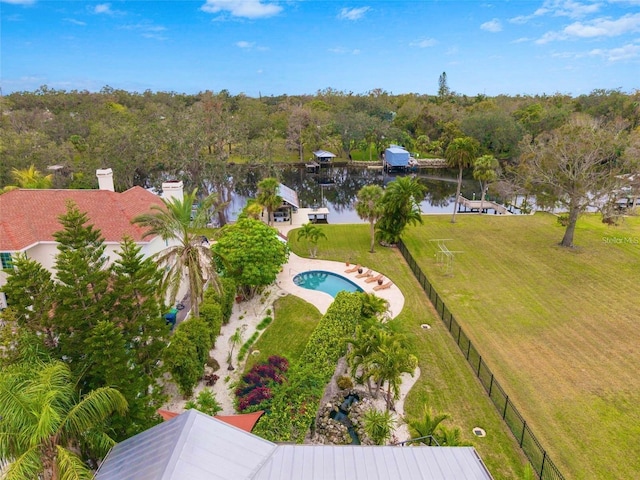 birds eye view of property featuring a water view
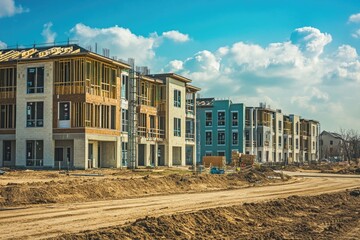 Aufkleber - A row of multi-story apartment buildings under construction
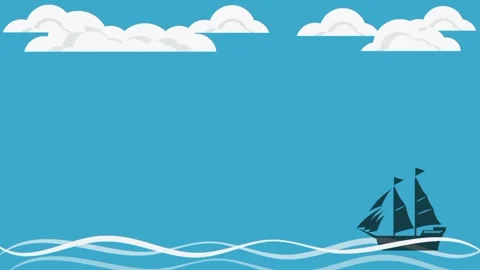 Animation of a boat in the ocean Stock Footage 246726347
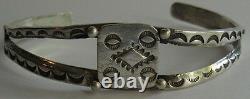 Vintage 1940's Navajo American Indian Silver Cuff Bracelet With Stampwork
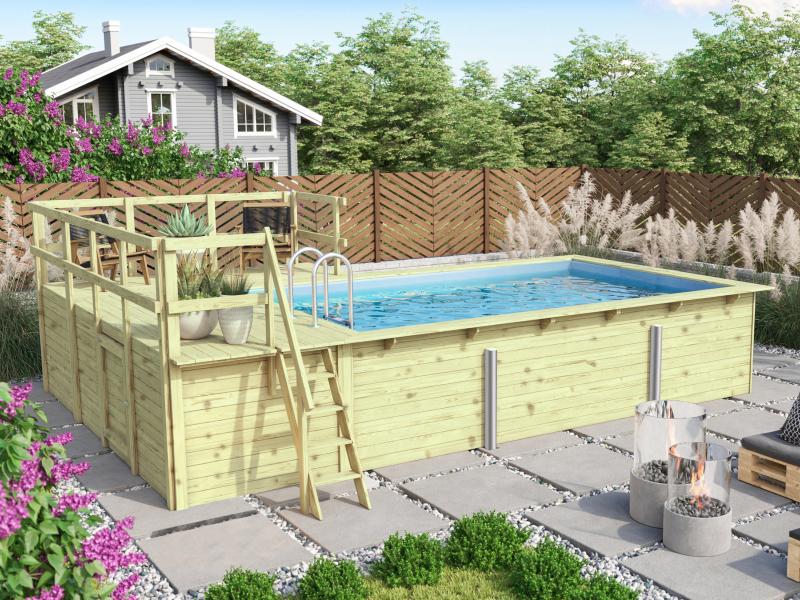 Karibu Rechteck Pool Größe 3  im Set inkl. Filterpaket, Terrrasse 3,5 m und Seitenterrasse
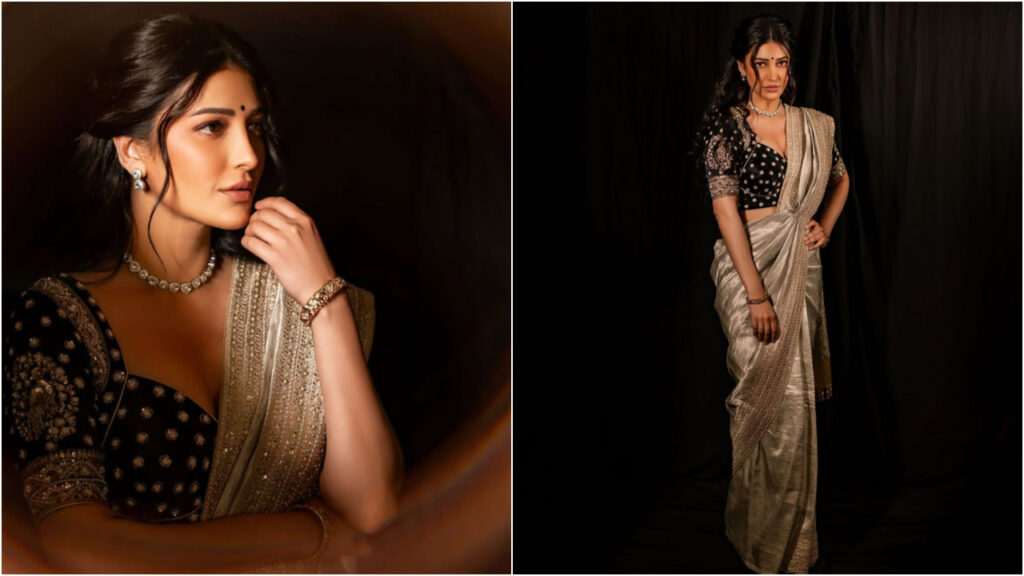 Shruti Haasan Wraps Fire And Grace In Silk Saree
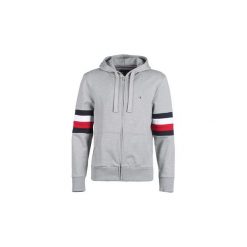 Bluzy Tommy Hilfiger RELAXED PIECED HOODED ZIP THROUGH. Szare bluzy męskie TOMMY HILFIGER, s, bez wzorów, bez kołnierzyka, bez rękawów, bez kaptura. Za 423,20 zł.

________________

Every line above should be retyped exactly; the pictures do not belong in the copy.

 birds eye view of property featuring a water view
 Aufkleber - A row of multi-story apartment buildings under construction
 Animation of a boat in the ocean Stock Footage 246726347
 Vintage 1940's Navajo American Indian Silver Cuff Bracelet With Stampwork
 Karibu Rechteck Pool Größe 3  im Set inkl. Filterpaket, Terrrasse 3,5 m und Seitenterrasse
 Shruti Haasan Wraps Fire And Grace In Silk Saree
 Bluzy Tommy Hilfiger RELAXED PIECED HOODED ZIP THROUGH. Szare bluzy męskie TOMMY HILFIGER, s, bez wzorów, bez kołnierzyka, bez rękawów, bez kaptura. Za 423,20 zł.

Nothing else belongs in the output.